DATASET EXCERPTS –
━━━━━━━━━━
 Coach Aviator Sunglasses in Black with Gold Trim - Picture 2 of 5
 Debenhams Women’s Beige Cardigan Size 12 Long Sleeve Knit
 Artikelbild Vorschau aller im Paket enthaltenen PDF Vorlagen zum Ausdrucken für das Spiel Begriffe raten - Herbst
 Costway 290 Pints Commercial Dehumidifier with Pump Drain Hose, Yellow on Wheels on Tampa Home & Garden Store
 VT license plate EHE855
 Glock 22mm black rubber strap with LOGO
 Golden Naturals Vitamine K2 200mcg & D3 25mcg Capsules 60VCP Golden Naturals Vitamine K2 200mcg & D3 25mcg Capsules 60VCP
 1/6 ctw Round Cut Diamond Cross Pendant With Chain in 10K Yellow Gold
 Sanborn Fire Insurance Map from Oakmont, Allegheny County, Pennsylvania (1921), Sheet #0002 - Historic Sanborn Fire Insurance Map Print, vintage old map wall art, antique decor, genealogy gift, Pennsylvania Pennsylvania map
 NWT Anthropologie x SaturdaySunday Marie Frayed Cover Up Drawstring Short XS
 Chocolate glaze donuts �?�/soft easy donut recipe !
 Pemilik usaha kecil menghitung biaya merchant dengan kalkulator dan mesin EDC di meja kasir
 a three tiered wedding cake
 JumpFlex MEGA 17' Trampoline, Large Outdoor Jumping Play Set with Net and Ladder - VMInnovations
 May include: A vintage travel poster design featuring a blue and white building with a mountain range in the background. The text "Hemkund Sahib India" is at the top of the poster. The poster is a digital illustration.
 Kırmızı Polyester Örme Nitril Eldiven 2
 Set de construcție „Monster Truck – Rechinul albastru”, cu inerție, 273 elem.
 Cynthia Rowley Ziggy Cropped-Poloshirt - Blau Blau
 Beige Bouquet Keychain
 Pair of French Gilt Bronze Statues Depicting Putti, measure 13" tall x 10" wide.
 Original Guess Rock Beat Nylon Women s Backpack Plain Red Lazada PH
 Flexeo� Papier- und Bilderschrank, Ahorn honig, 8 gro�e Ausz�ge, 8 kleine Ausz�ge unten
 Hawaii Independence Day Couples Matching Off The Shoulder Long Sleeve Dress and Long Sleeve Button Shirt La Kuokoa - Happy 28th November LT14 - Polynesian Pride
━━━━━━━━━━
WHAT IS EXPECTED – Send back an exact copy of only the lines from the line with "a three tiered wedding cake" up to and including the line with "JumpFlex MEGA 17'" in the data above.

WRITTEN RESPONSE –
 a three tiered wedding cake
 JumpFlex MEGA 17' Trampoline, Large Outdoor Jumping Play Set with Net and Ladder - VMInnovations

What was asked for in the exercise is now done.